• [DESCRIPTION OF THE TASK]
Exactly and only the lines below from the one containing "Bolso infantil de" down to the one containing "Kingston and Pembroke" are wanted, both included; please exclude every picture.

Start of INPUT MATERIAL

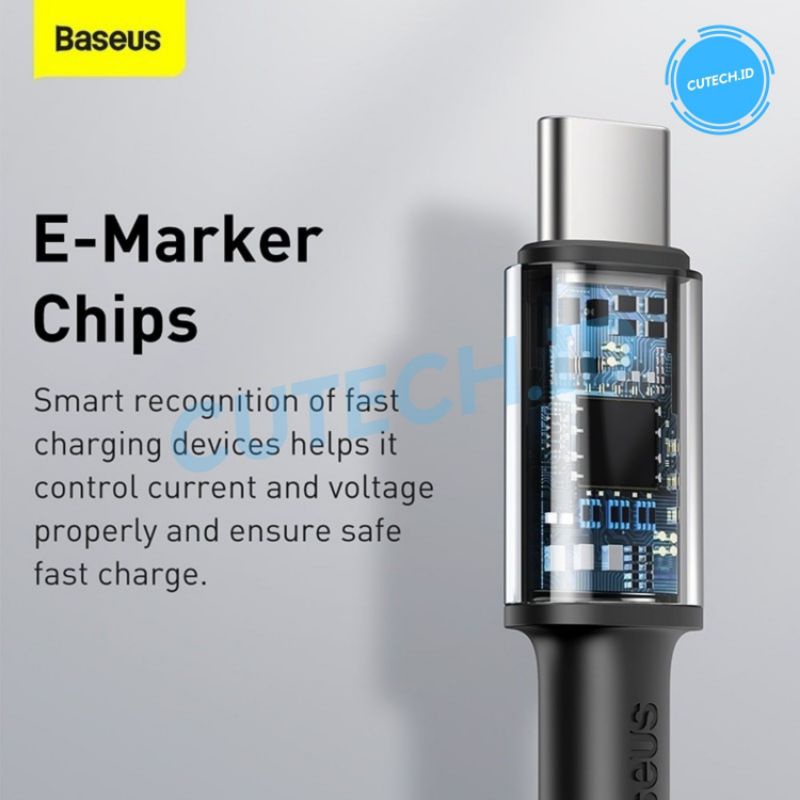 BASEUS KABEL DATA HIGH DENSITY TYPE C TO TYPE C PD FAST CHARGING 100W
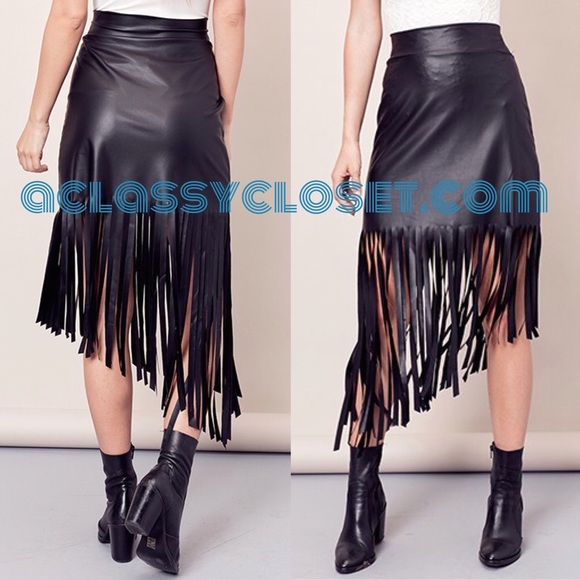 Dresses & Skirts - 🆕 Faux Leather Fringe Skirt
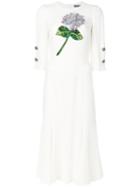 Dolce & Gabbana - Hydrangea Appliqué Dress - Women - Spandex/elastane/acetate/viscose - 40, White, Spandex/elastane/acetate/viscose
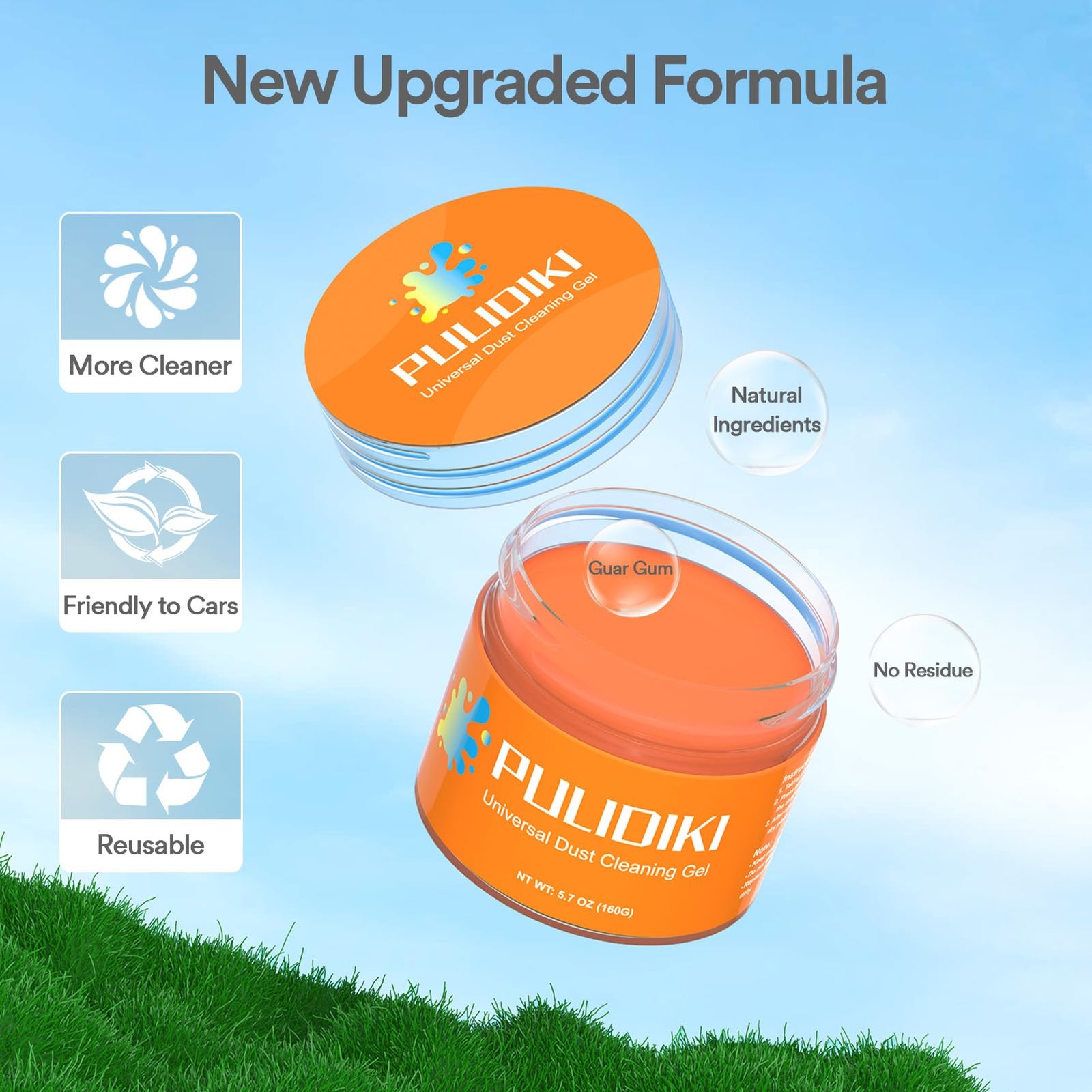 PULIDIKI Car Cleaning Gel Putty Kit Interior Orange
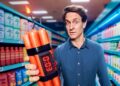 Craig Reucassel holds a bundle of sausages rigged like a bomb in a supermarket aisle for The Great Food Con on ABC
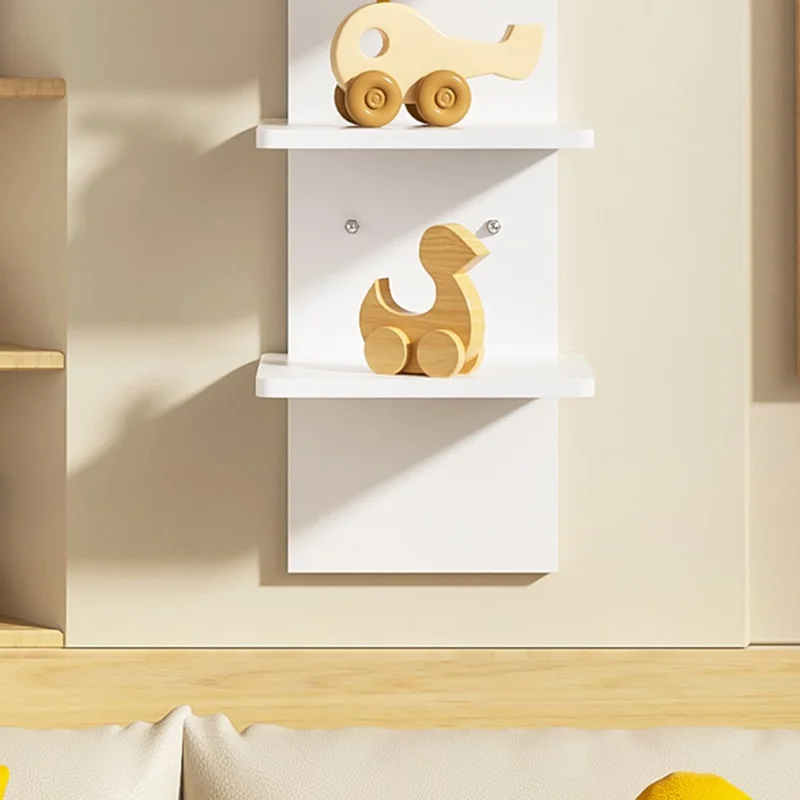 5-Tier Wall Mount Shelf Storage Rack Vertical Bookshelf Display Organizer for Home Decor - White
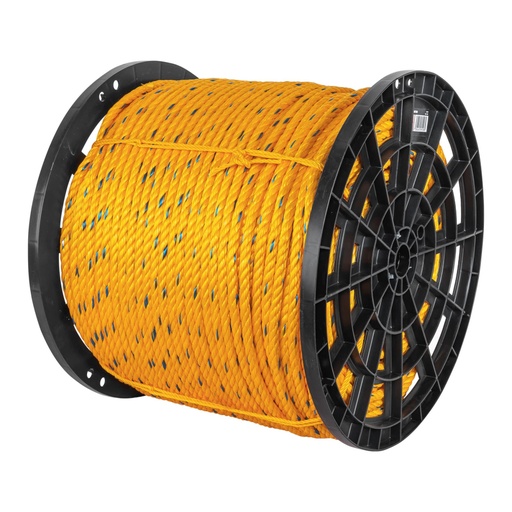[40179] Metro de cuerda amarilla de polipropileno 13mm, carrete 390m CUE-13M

End of INPUT MATERIAL
Start of INPUT MATERIAL

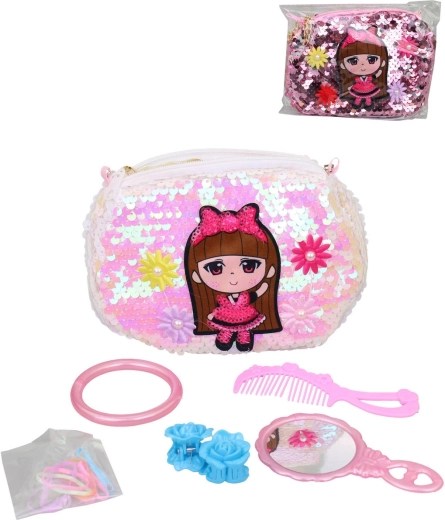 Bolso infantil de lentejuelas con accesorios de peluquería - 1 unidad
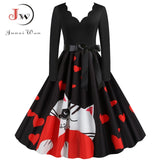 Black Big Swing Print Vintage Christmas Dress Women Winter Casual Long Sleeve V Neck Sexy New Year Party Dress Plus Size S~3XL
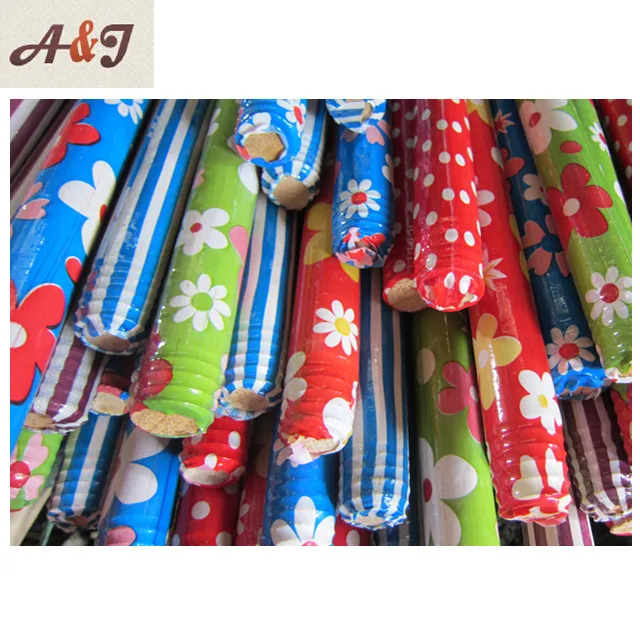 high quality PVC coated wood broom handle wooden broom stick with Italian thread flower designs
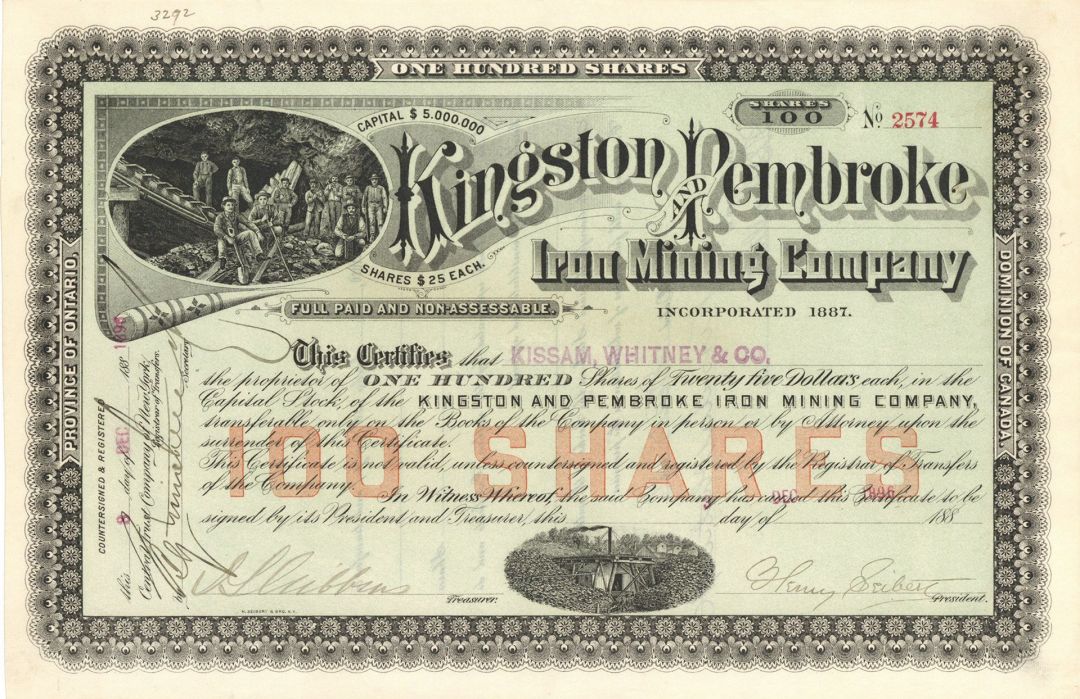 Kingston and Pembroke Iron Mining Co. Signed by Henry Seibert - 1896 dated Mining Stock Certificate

End of INPUT MATERIAL

• [ANSWER SECTION]
 Bolso infantil de lentejuelas con accesorios de peluquería - 1 unidad
 Black Big Swing Print Vintage Christmas Dress Women Winter Casual Long Sleeve V Neck Sexy New Year Party Dress Plus Size S~3XL
 high quality PVC coated wood broom handle wooden broom stick with Italian thread flower designs
 Kingston and Pembroke Iron Mining Co. Signed by Henry Seibert - 1896 dated Mining Stock Certificate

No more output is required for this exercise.